Die Diener des Fürsten huschten schweigend zwischen den beiden Tafeln hin und her, schenkten wässrigen Wein nach und taten ihr bestmögliches, nicht unter Perrins Visier zu gelangen. Stieß man aus Versehen gehen einen Schemel, setzte einen Krug zu schwungvoll ab oder hustete im falschen Augenblick, konnte der Fürst aus der Haut fahren und ehe man es sich versah, landete man auf dem Schafott.
Perrin war ein Wahnsinniger in all des Umfangs dieses Begriffs, seine Launen tückisch und wechselhaft, wie die See, als hätte Saibiki selbst Residenz in seinem verdorbenen Geist gefunden. Jedoch besaß die unbarmherzige Ewige des Meeres im Vergleich zu Fürst Perrin ein gnädigeres Gemüt, schleuderte sie nicht zwangsläufig einem Diener das Buttermesser an den Kopf, der zufälligerweise an genau jenem Tag eine rote Mütze trug, an dem Perrin Rot nicht leiden konnte.

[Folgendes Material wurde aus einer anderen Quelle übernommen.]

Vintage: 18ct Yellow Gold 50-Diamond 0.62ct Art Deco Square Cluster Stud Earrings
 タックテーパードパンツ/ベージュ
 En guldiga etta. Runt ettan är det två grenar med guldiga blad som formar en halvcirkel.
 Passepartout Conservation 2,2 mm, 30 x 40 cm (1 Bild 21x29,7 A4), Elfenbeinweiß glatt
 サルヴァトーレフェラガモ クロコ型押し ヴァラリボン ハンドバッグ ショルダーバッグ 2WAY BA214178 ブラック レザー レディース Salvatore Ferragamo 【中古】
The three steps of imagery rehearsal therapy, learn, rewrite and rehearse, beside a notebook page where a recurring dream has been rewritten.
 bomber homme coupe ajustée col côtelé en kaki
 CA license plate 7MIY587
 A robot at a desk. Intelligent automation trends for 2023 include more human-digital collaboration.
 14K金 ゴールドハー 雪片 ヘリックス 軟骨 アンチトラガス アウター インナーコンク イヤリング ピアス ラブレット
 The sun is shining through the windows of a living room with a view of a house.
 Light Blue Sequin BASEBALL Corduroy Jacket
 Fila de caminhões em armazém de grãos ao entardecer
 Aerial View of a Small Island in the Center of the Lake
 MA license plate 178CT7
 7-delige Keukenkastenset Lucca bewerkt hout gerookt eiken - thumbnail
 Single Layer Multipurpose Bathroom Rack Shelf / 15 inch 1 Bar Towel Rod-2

Dass die Dorfältesten jedes Jahr, vor der Tag-und-Nachtgleiche, nach Aalsung beordert wurden, war jedem der heute Anwesenden zu wider. Perrin, weil er sich das Geschwätz und Gejammere seiner unfähigen Untergebenen anhören musste und den Dorfältesten, weil sie sich der Übellaunigkeit ihres Fürsten aussetzen mussten.
Zur Sprache zu bringen, woran es der Bevölkerung jenseits Aalsungs mangelte, war keine einfache Aufgabe, doch Befehl war Befehl und obwohl Perrin nichts fremder sein konnte, als seinen Untertanen zuzuhören, brauchte er dennoch deren Rohstoffe, um seinen Tribut an den König zu leisten.
»Mein Fürst«, erhoben sich die zwei Worte, die zu dieser Stunde von allen Anwesenden gefürchtet und hinausgeschoben worden waren, in der hohen Halle aus Stein und Holz. Rendrun, ein Greis, der dem westlichen, in der Nähe der Küste gelegenem Dorf Tallik entstammte, hatte sich schlussendlich durchgerungen und die verhaltenen Gespräche der anderen elf Dorfältesten durchbrochen. »Bitte hört mich an.«
Das leise Gemurmel der Diener und Dienerinnen, der Dorfältesten und des Beraterstabs an Perrins Tafel hoch oben auf dem Podest, erstarb und machte einer ängstlichen, angespannten Stille Platz, als Rendruns Stimme durch die Luft getragen wurde. Nur der eisige Wind fauchte heulend durch das wuchtige Holzgebälk hoch oben in der sich im Dunkeln verlierenden Decke und schenkte den in den Balken und im Stein verewigten Schnitzereien der Geisterwesen eine unheilvolle Stimme. Als würden sich die Kreaturen der Untiefen mit einem klagevollen Ächzen durch die Schatten an den Wänden winden und die tosenden Kiefer der Bestien des Waldes vor Erwartung knirschen.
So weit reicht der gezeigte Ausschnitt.